Previously, we discussed how it is very difficult to approximate the expected discounted return \(G_0\). Thus, to optimize this objective, we want to rewrite its gradient in a more tractable form.

Theorem (Policy Gradient Theorem) [2, Theorem 1] There exists a constant \(C>0\) such that for all parameter values \(\theta\), we have

\[\begin{align*} \nabla_\theta J &=C\mathbf E_{S\sim d^{\pi_\theta}} \sum_{a\in\mathscr A}q_\pi(S, A)\nabla_\theta\pi_\theta(A|S) \\ &=C\mathbf E_{S\sim d^{\pi_\theta},\,A\sim\pi_\theta(S)} q_\pi(S, A)\nabla_\theta\log\pi_\theta(A|S), \end{align*}\]

where \(d^{\pi_\theta}\) denotes the distribution of states when following \(\pi_\theta\).

Algorithms that optimize a parametric policy via GD are called policy gradient methods.

REINFORCE

Today, we'll cover the simplest policy gradient method: REINFORCE: REward Increment = Nonnegative Factor \(\times\) Offset Reinforcement \(\times\) Characteristic Eligibility [3].

An update step in the algorithm is as follows:

  1. We generate a full trajectory $$ s_0, a_0, r_1, s_1, \dotsc, r_T, s_T $$ following \(\pi_\theta\).
  2. We use discounted returns as estimated action-state values: $$ q_\pi(s_t,a_t)\approx\sum_{k=1}^{T-t}\gamma^{k-1} r_{t+k}=:g_t. $$ This is called a Monte Carlo estimate of \(q_\pi(s_t,a_t)\).
  3. We perform an optimization step with the gradient we get as per the Policy Gradient Theorem (we take the negative as we optimize with loss gradients): $$ \nabla_\theta = -\frac{1}{T}\sum_{t=0}^{T-1}g_t\nabla_\theta\log\pi_\theta(a_t|s_t) $$

Now we can explain the terms in the acronym REINFORCE:

  1. Reward increment refers to \(-\nabla_\theta\) as is is an approximation of the direction of steepest ascent \(\nabla J(\theta)\).
  2. Nonnegative factor is the learning rate.
  3. Offset reinforcement is the factor \(g_t-b(s_t)\).
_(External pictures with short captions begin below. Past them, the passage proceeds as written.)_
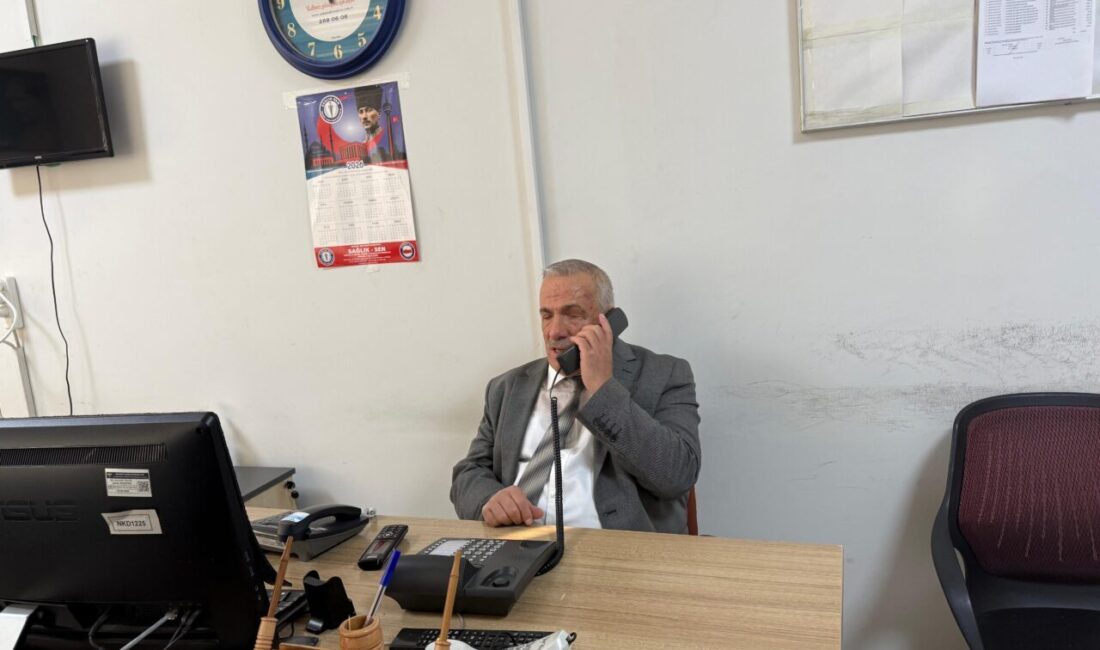 Ruken KADIOĞLU-Canberk ÖZTÜRK/ANKARA, – ANKARA’da doğuştan görme engelli Şeref Yalçın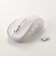 エレコム　マウス Bluetooth 無線 2.4GHz両対応 静音 チルトホイール搭載 7ボタン Windows Mac iPad 対応 OSMOD ホワイト MMY40MBSXWH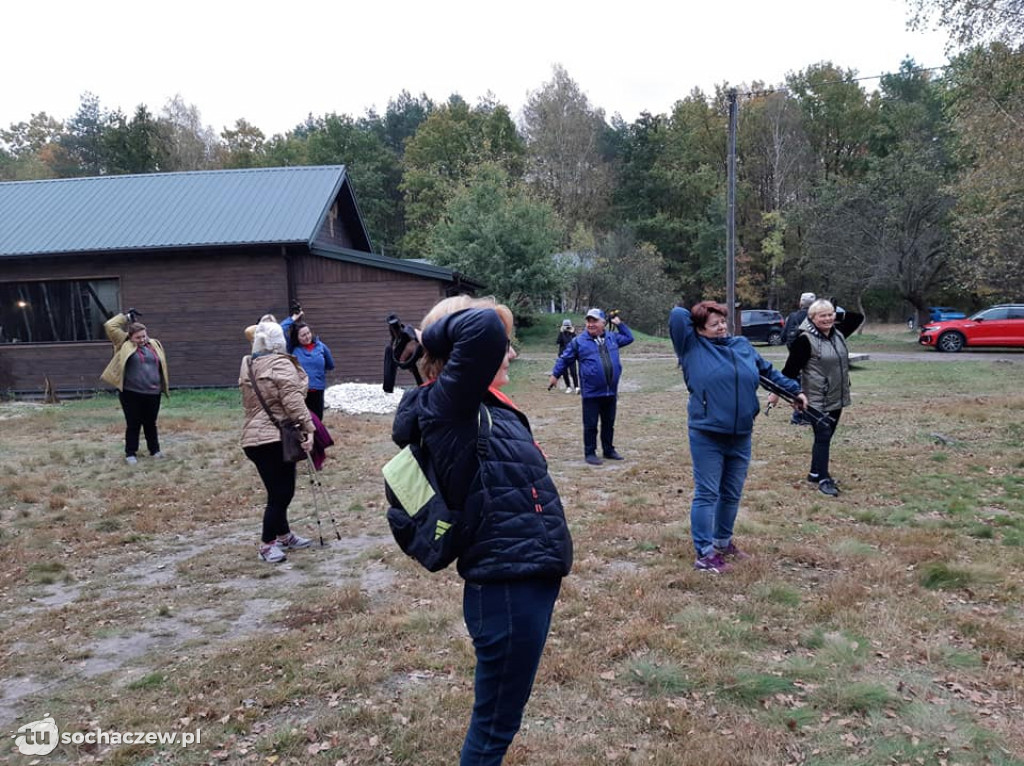 Marsz nordic walking w Rybnie za nami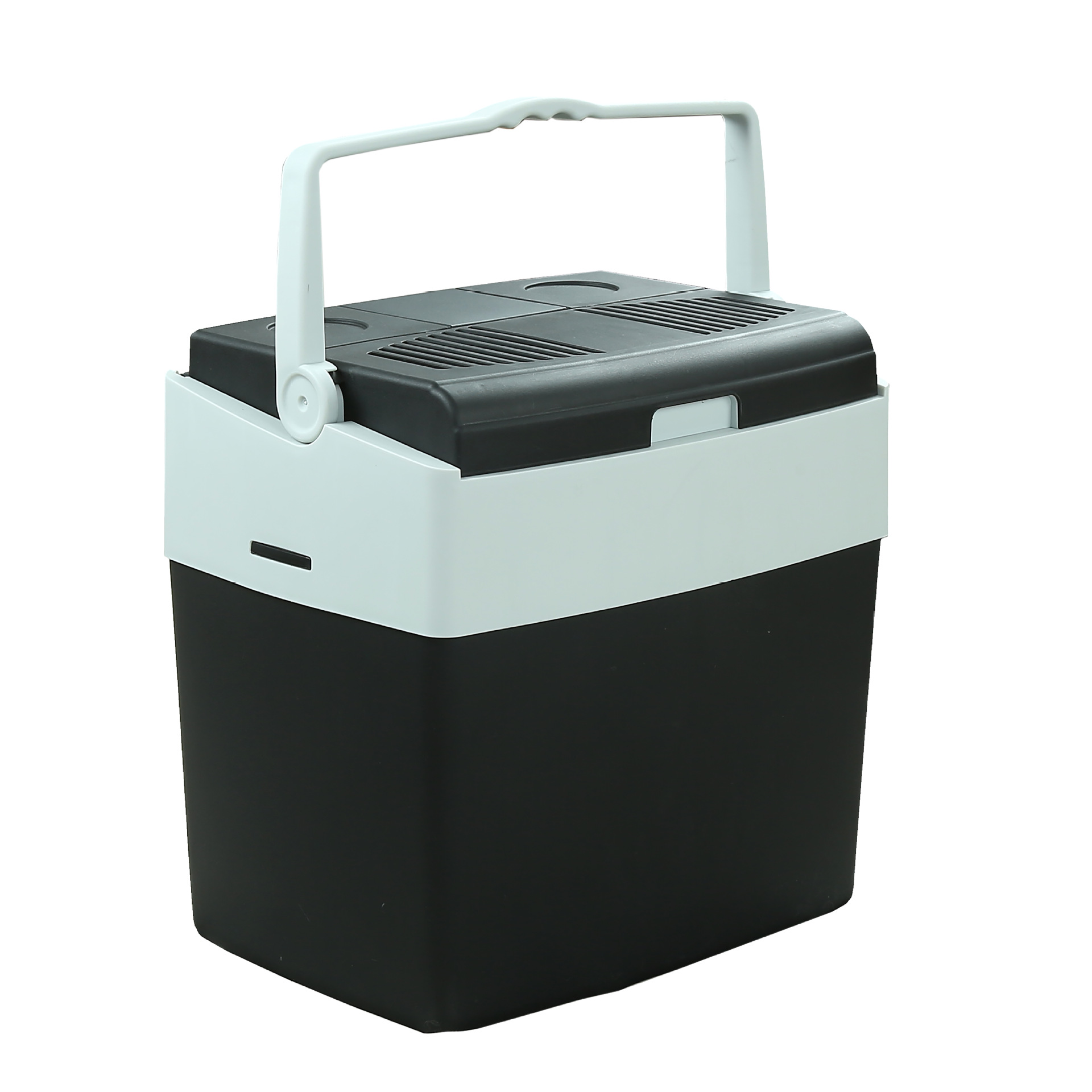 クーラーボックス専門店 ハードクーラーボックス ポータブル電動冷温庫取手付きタイプ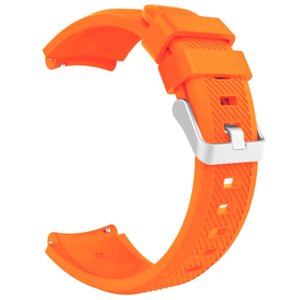 Xiaomi Watch S1 Active Silicone Sport remienok, Neon Orange (SSG006C1412)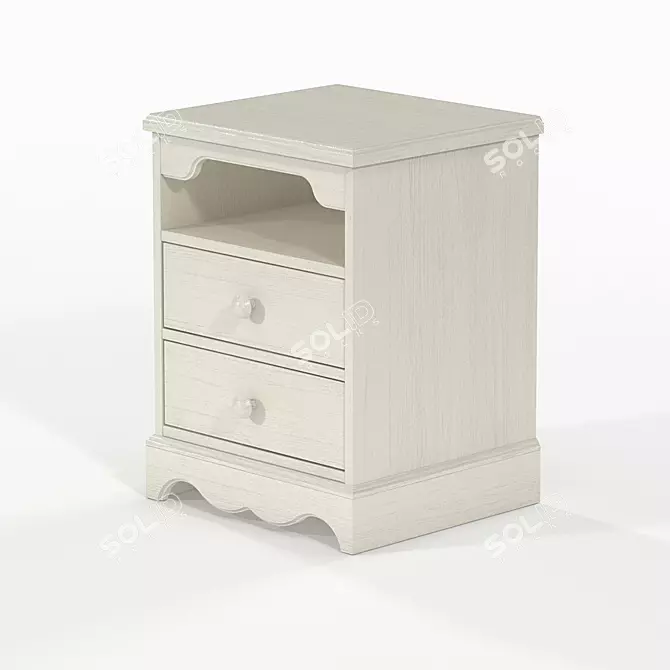 Elegant OM Stand - Ellie TN-3 3D model image 3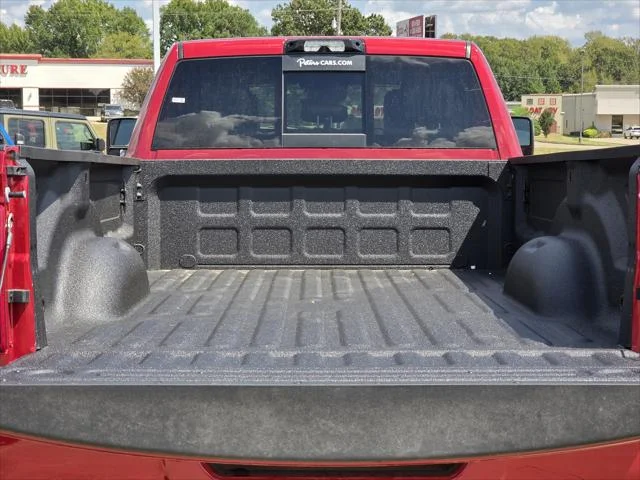 New 2027 Molten Red Pearl-Coat Exterior Paint RAM Laramie image 6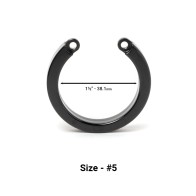 Cock Cage U-Ring #5 - Black Replacement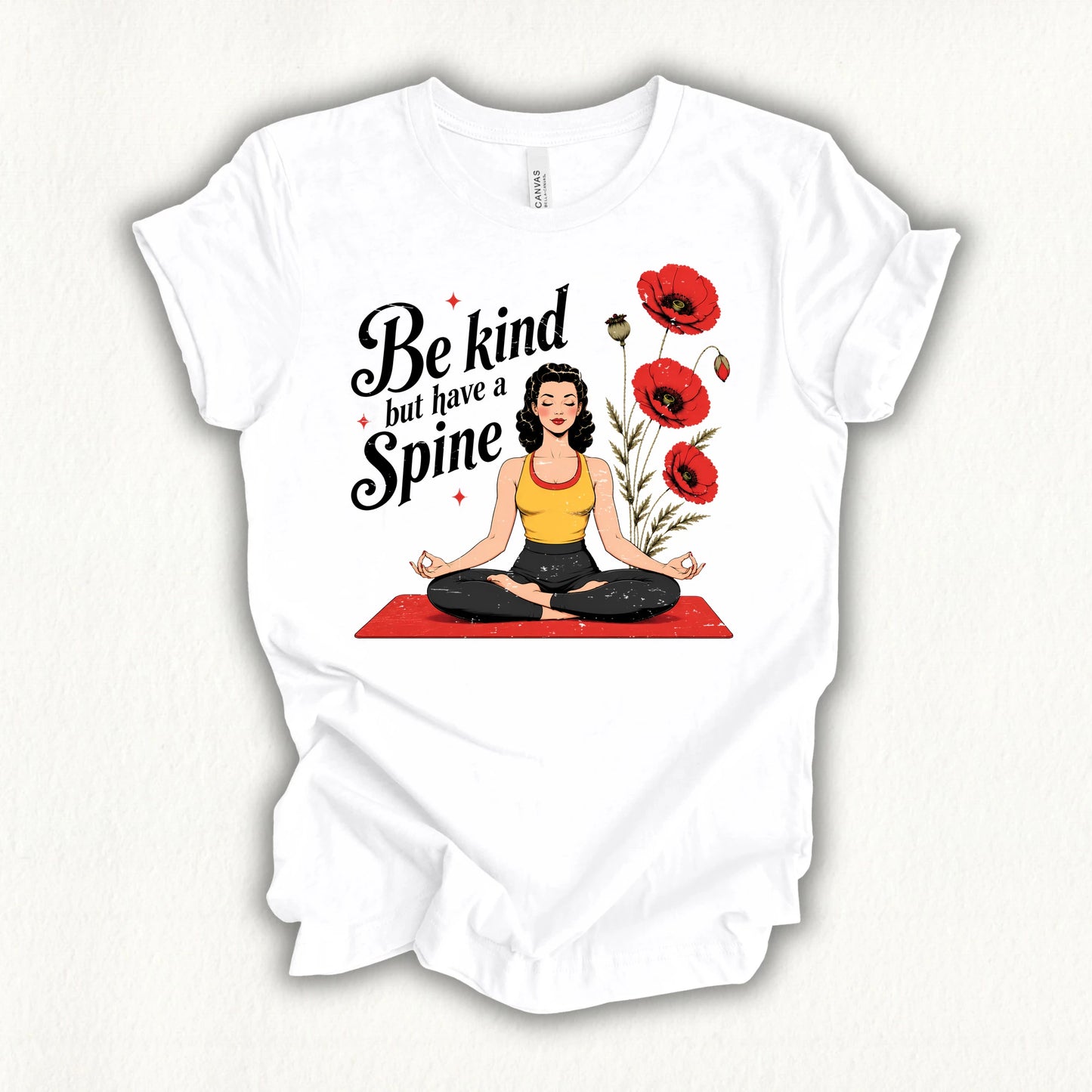 Yoga Be Kind T-shirt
Here, \(b(s_t)\) is an optional baseline. For now, we set this to 0.
  4. Characteristic eligibility is the policy gradient \(\nabla_\theta\pi_\theta(a|s)\).
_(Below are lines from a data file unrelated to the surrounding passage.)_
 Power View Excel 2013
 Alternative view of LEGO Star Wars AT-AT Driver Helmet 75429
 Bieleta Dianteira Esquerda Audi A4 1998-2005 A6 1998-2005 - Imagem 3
Action Sampling with the Gumbel-Max Trick

In case the action space is finite: \(|\mathscr A|=c\), we can give an action distribution as a collection of unnormalized logits:

\[ f_\theta(s)\in\mathbf R^c. \]

To sample an action, the straightforward approach would be to:

  1. Convert the unnormalized logits to probabilities using the softmax function.
  2. Sample actions from the categorical distribution with the given probabilities.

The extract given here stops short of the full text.